#### Task statement
Once the pictures are set aside, reproduce all of the records exactly.
-------- Material for this exercise
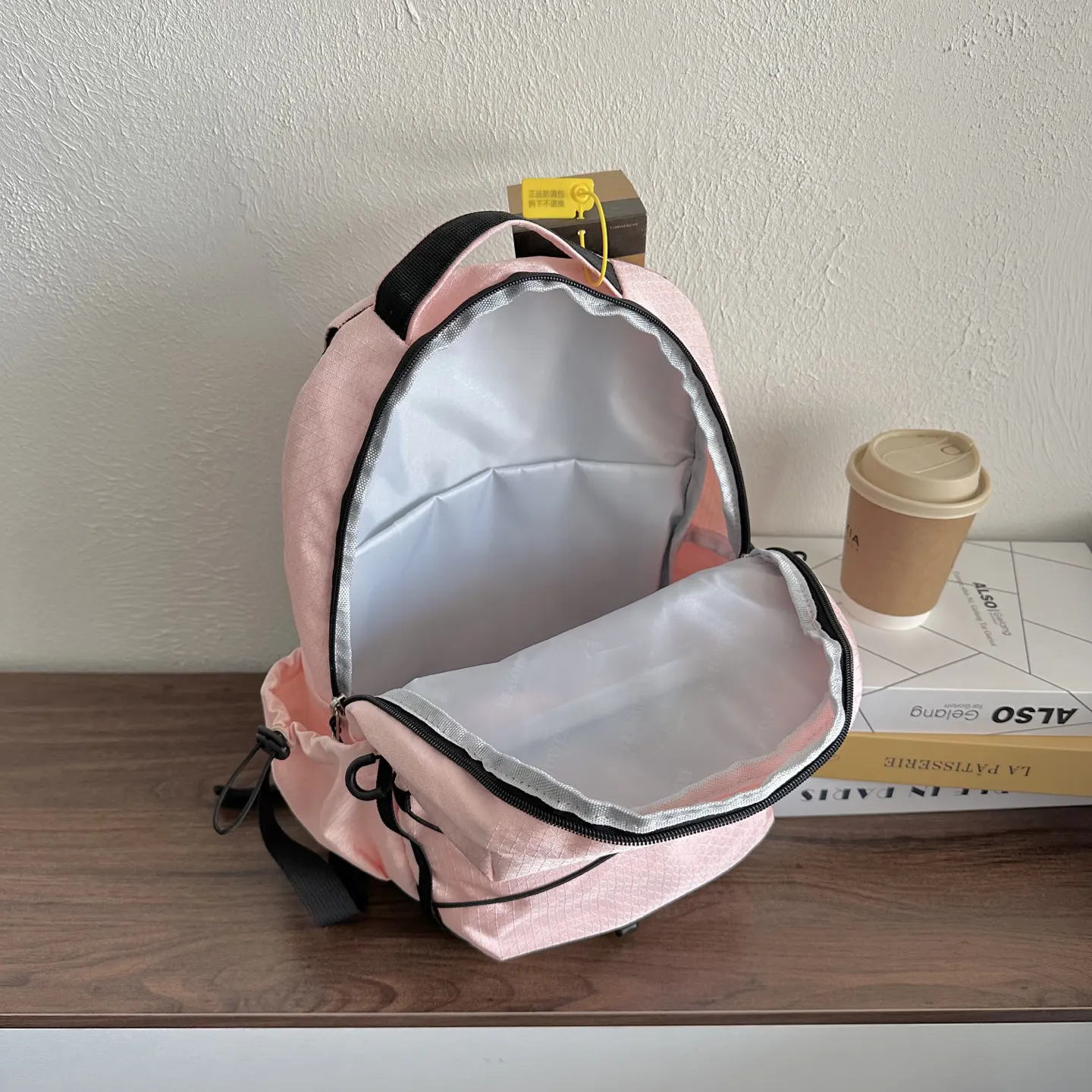 Backpack Image 9 Backpack Image 9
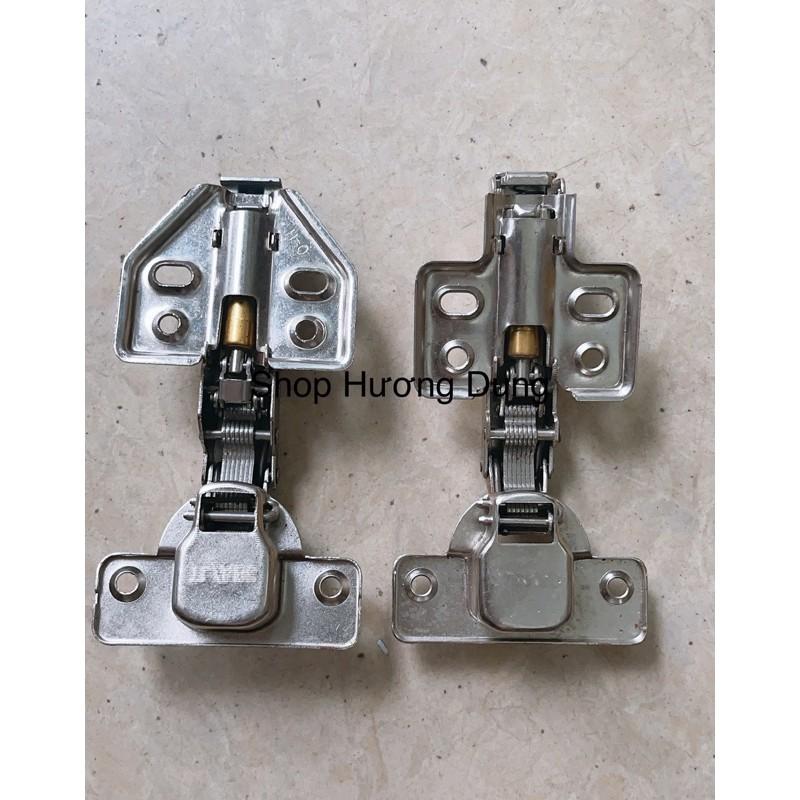 Bản lề bật giảm chấn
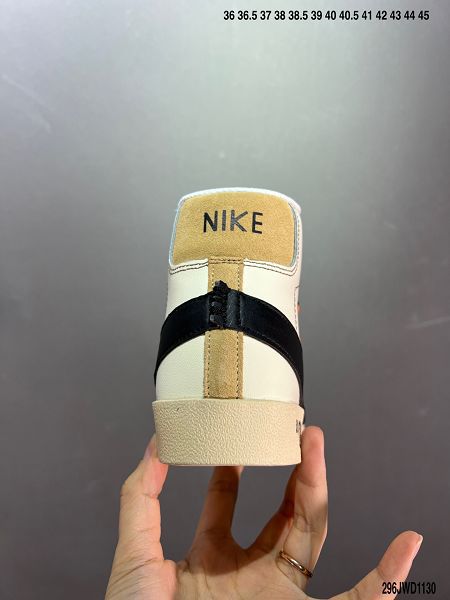 Nike Blazer MID 77 Vntg開拓者 2023全新男女款復古經典中幫百搭休閒運動板鞋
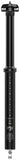 FOX Transfer Performance Elite Dropper Seatpost - 31.6 mm 240 mm Internal Routing Anodized Black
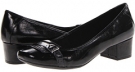 Black Felicity/Mercy LifeStride Luscious for Women (Size 7)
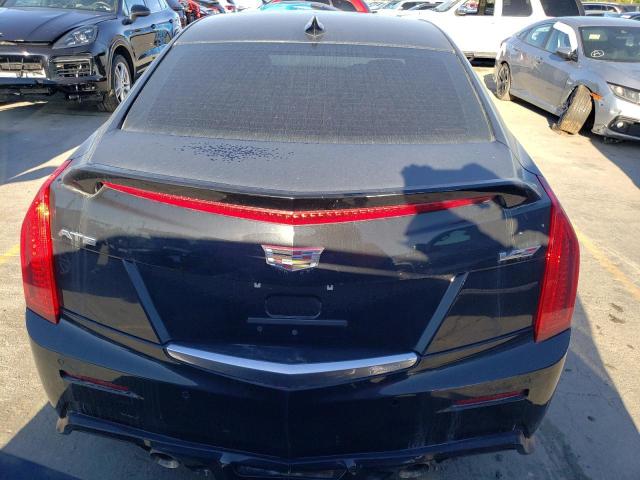 1G6AL5SY3J0157893 Cadillac ATS-V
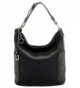 JOYISM Handbag Shoulder Handle Leather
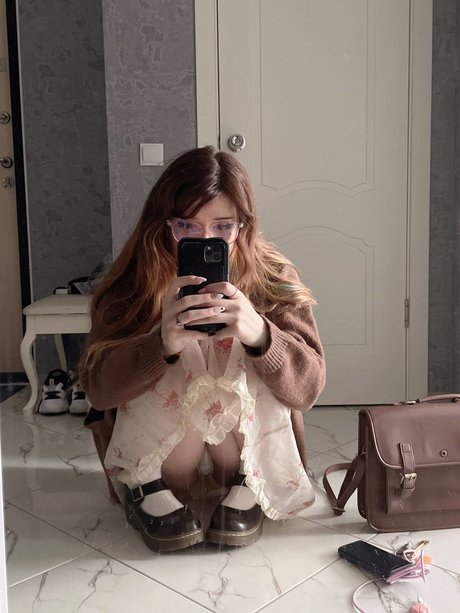 Fraulein Milk ポルノモデル 写真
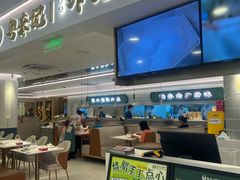 -粤来记·啫啫煲·点心(日月光店)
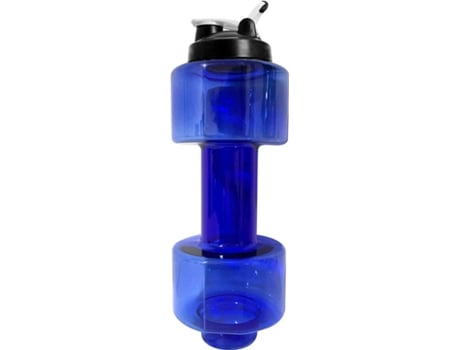 Garrafa de Água Desportiva ANSELF Azul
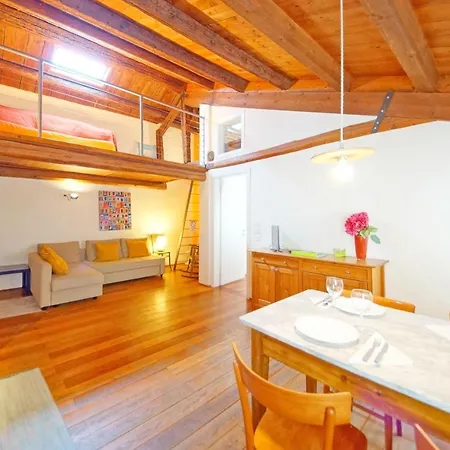 Apartament Ponte Dei Greci Wifi 162 *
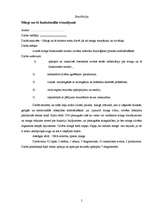 Referāts 'Miegs', 3.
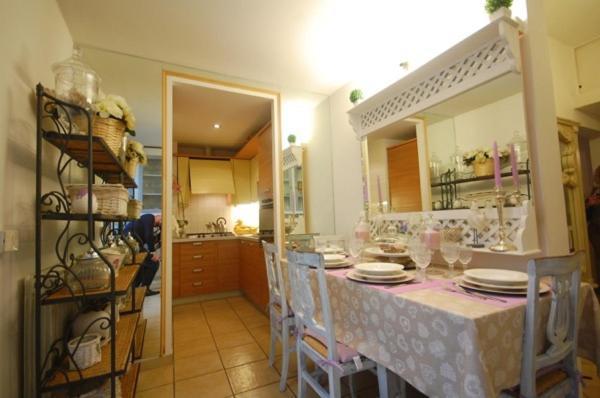רומא The Right Place 4U Domus Savelli Boutique Apartment מראה חיצוני תמונה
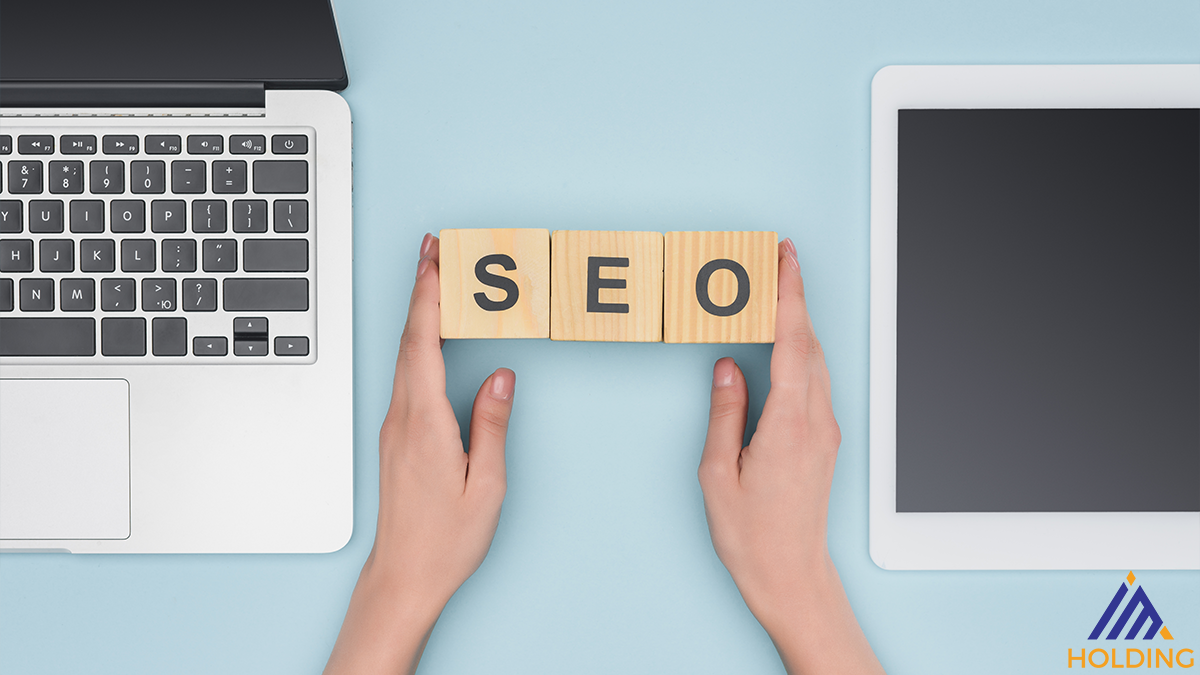 SEO services packages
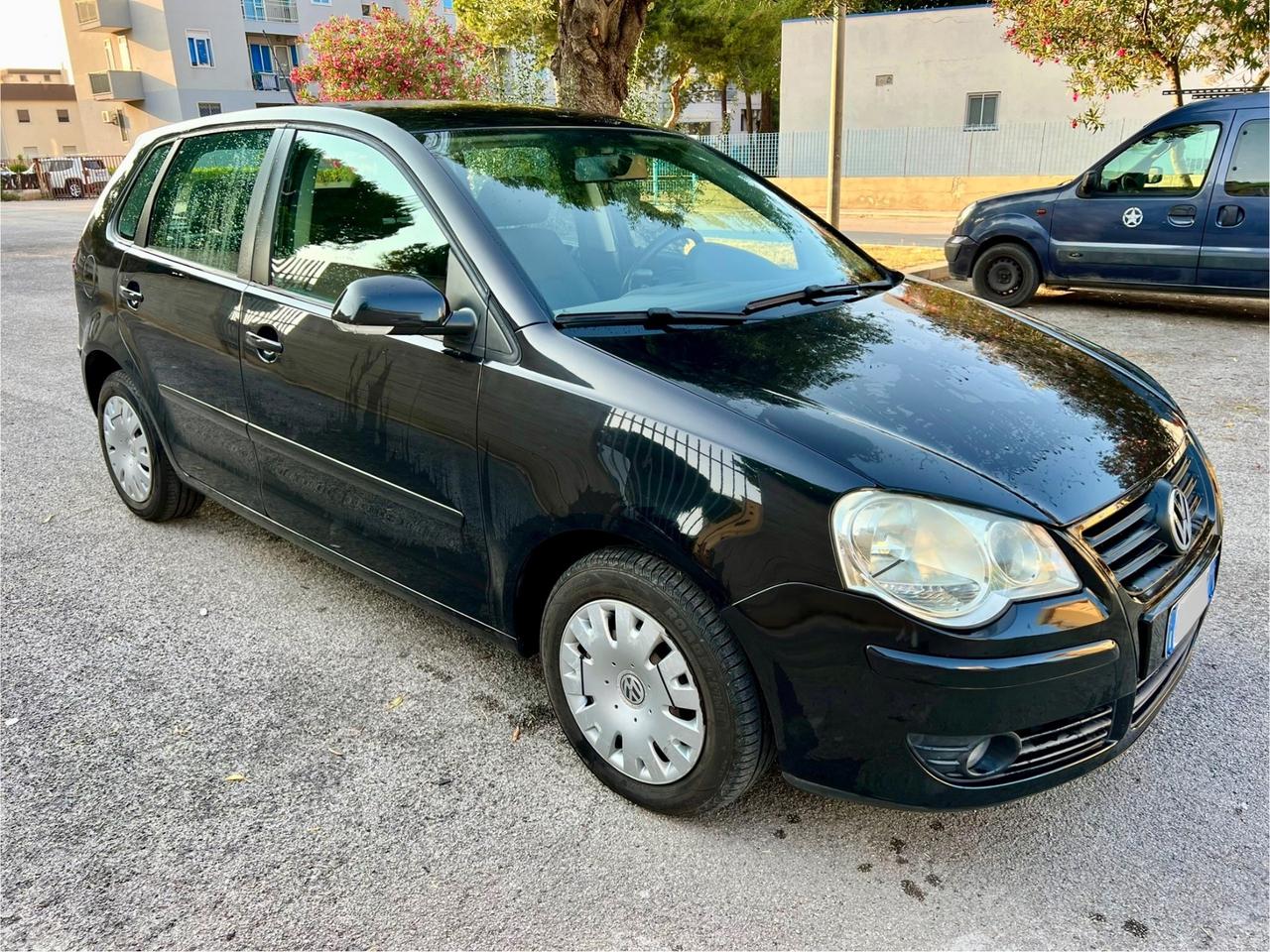 Volkswagen Polo 1.4/69CV TDI 5p. Comfortline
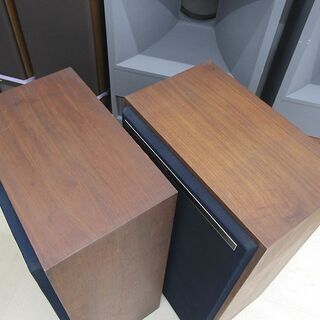 札幌市清田区 JBL 4WAYスピーカーシステム 4315 4ウェイ・4スピーカー・バスレフ方式 8Ω エッジ張替済み
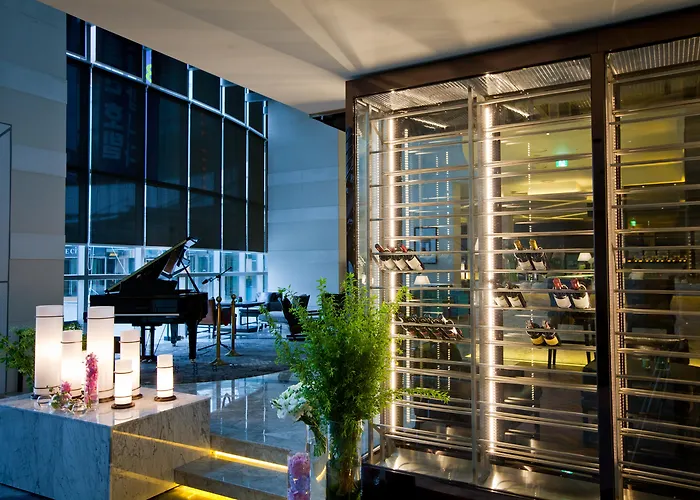 Grand Mercure Ambassador Changwon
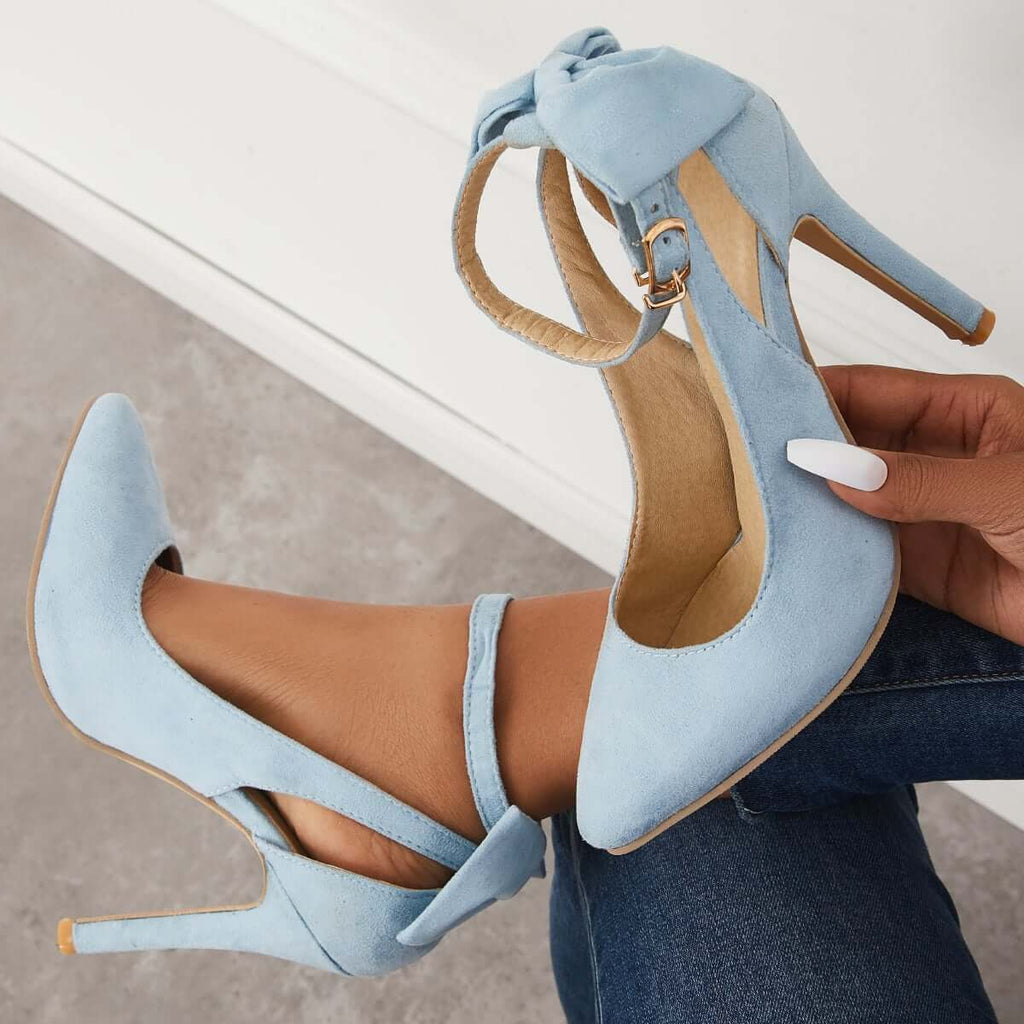 Stylish Orthopedic Heels for Any Occasion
----------------
#### Completed task
 Backpack Image 9 Backpack Image 9
 Bản lề bật giảm chấn
 Nike Blazer MID 77 Vntg開拓者 2023全新男女款復古經典中幫百搭休閒運動板鞋
 FOX Transfer Performance Elite Dropper Seatpost - 31.6 mm 240 mm Internal Routing Anodized Black
 Black Felicity/Mercy LifeStride Luscious for Women (Size 7)
 1G6AL5SY3J0157893 Cadillac ATS-V
 JOYISM Handbag Shoulder Handle Leather
 Fraulein Milk ポルノモデル 写真
 -粤来记·啫啫煲·点心(日月光店)
 Garrafa de Água Desportiva ANSELF Azul
 Apartament Ponte Dei Greci Wifi 162 *
 Referāts 'Miegs', 3.
רומא The Right Place 4U Domus Savelli Boutique Apartment מראה חיצוני תמונה
 SEO services packages
 Volkswagen Polo 1.4/69CV TDI 5p. Comfortline
 札幌市清田区 JBL 4WAYスピーカーシステム 4315 4ウェイ・4スピーカー・バスレフ方式 8Ω エッジ張替済み
 Grand Mercure Ambassador Changwon
 Stylish Orthopedic Heels for Any Occasion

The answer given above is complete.